In accordance with embodiments of the present disclosure, the reconfiguration may enable run-time adaptation of a same application, where several versions of the same application represent a trade-off, e.g. a Pareto trade-off, between two parameters, e.g. energy and time.
In a microcomputer according to embodiments of the present disclosure, the processing unit may be adapted for supporting multi-stream capability.
A microcomputer according to embodiments of the present disclosure may be adapted for having the claimed functional units for one thread of control to operate independently from the claimed functional units for another thread of control.
In a second aspect, the present disclosure provides a method for executing on a system comprising a heterogeneous coarse grained reconfigurable array comprising a plurality of functional units an application having multiple threads of control. The method comprises the threads of control each claiming by means of at least one processing unit a different set of functional units to work for that thread, monitoring a run-time, e.g. current, situation of the system with respect to the occupation of the functional units, and, based on the occupation of the functional units and on application requirements, allowing the threads of control to claim, by means of the at least one processing unit, different functional units to work for that thread. This may include selecting a different version of a precompiled software and loading this different version of the software to the configuration memory on the CGRA to execute.
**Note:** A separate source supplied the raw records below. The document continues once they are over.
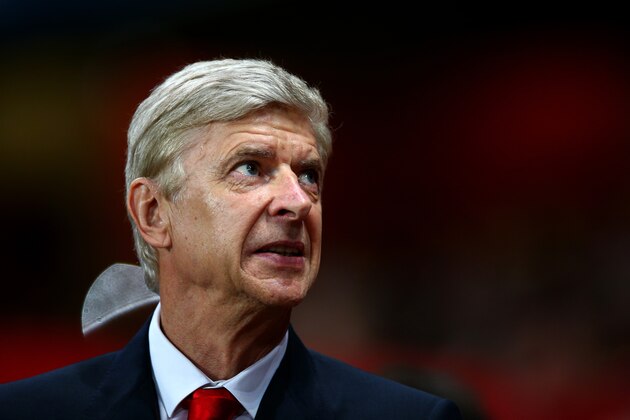 LONDON, ENGLAND - OCTOBER 01:  Arsene Wenger, manager of Arsenal looks on before the UEFA Champions League group D match between Arsenal FC and Galatasaray AS at Emirates Stadium on October 1, 2014 in London, United Kingdom.  (Photo by Paul Gilham/Getty Images)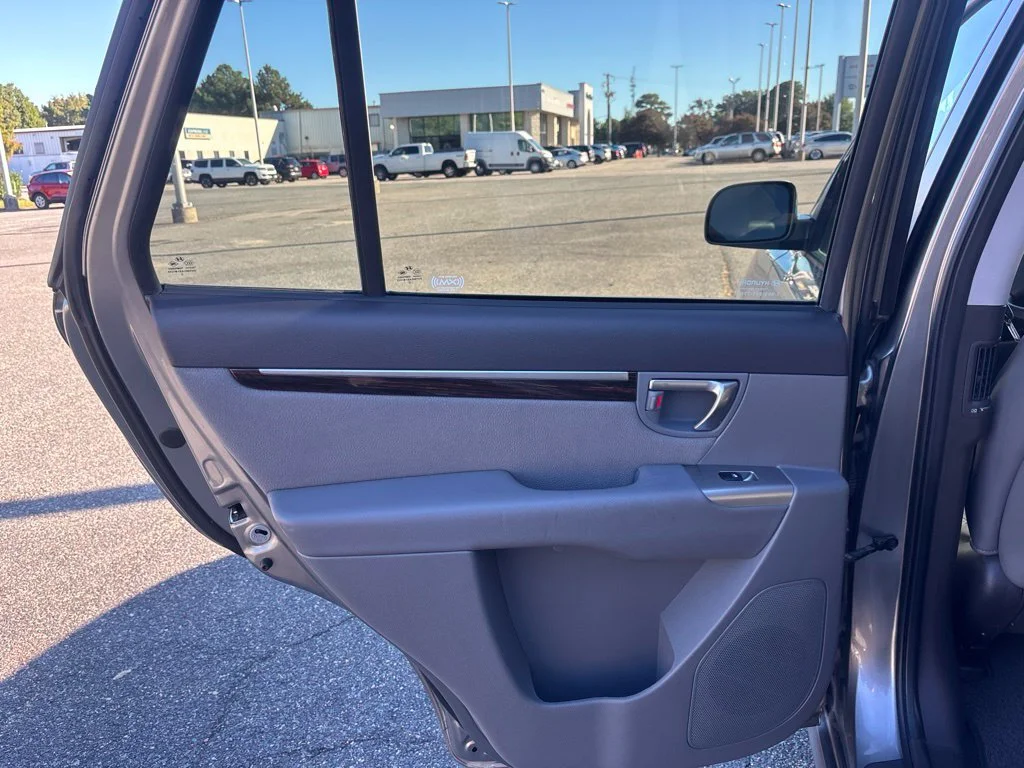 Used 2011 Gray Hyundai SE image 17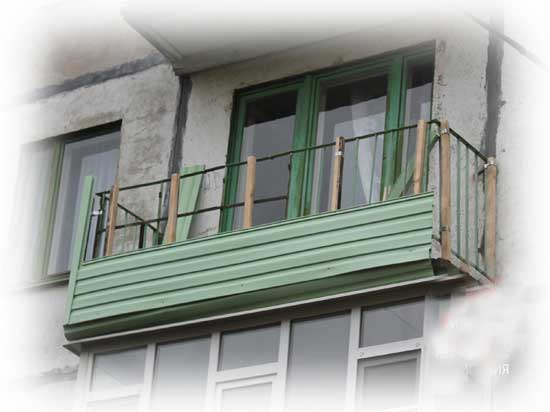 Отделка балкона снаружи: как обшить своими руками сайдингом, вагонкой и другими материалами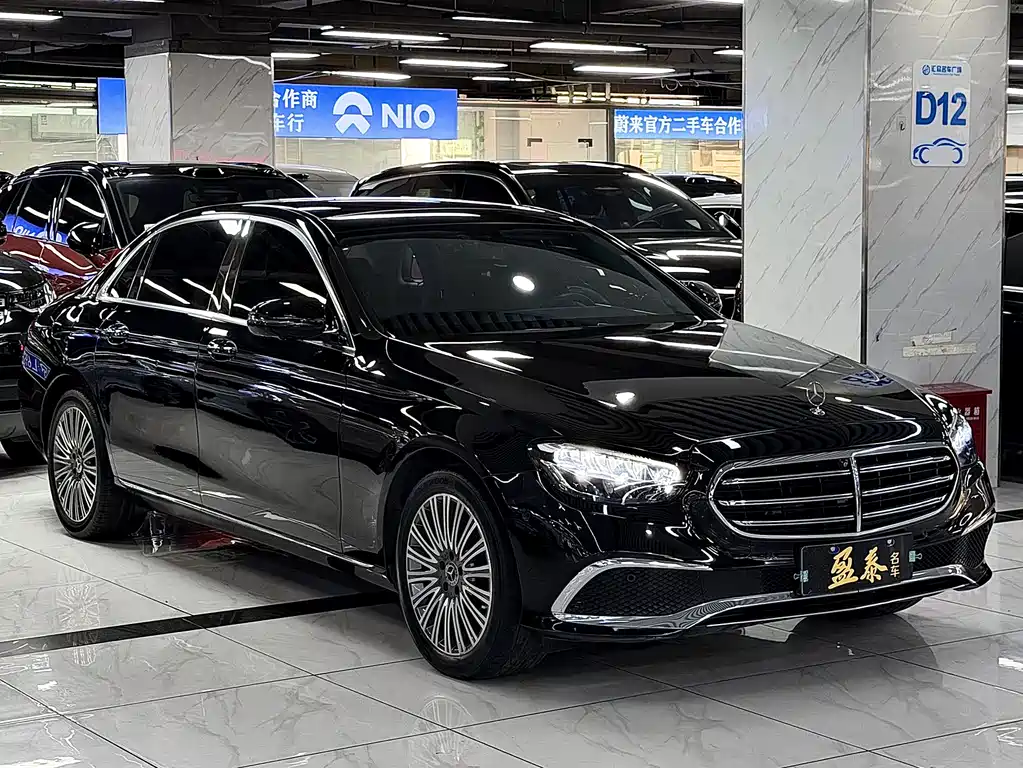MERCEDES-BENZ E CLASS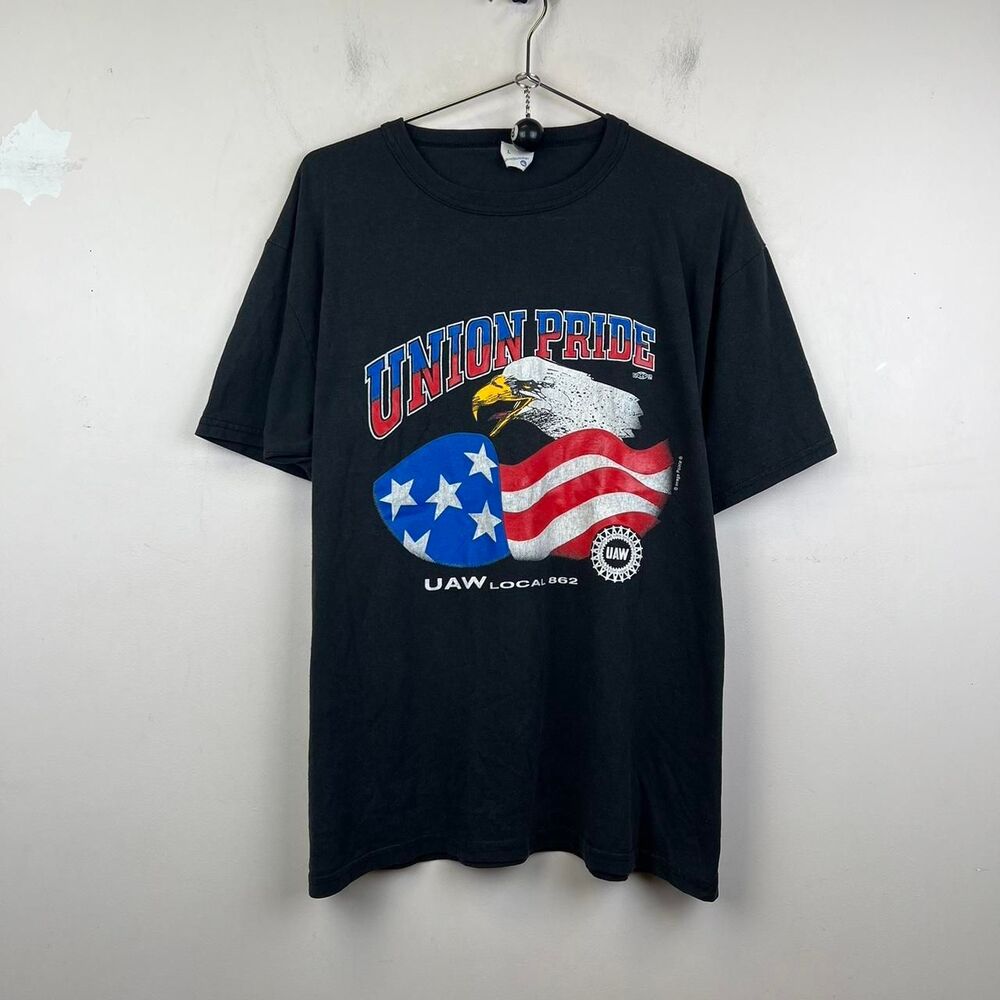 Vintage Men's 1992 Union Pride Tee Shirt Size Large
A method according to embodiments of the present disclosure may furthermore comprise, when the run-time situation changes, selecting another precompiled version of the same application that suits better the current situation needs, the other precompiled version of the same application making use of at least one other type of functional units.
In a method according to embodiments of the present disclosure, allowing the threads of control to claim different functional units to work for that thread may include claiming sets of functional units to work in an instruction level parallelism (ILP) fashion, a thread level parallelism (TLP) fashion, a data level parallelism (DLP) fashion or a mix of two or more of these fashions.
In a third aspect, the present disclosure provides a run-time engine adapted for monitoring a system comprising a heterogeneous coarse grained reconfigurable array comprising a plurality of functional units. The monitored system runs an application having multiple threads of control loaded on the CGRA for execution. The run-time engine is adapted for monitoring the system with respect to the current occupation of the functional units and application requirements, and based on the occupation of the functional units and on the application requirements, selecting a different pre-compiled version of the application, different pre-compiled versions of the application making use of at least one other type of functional units to work for a thread of control.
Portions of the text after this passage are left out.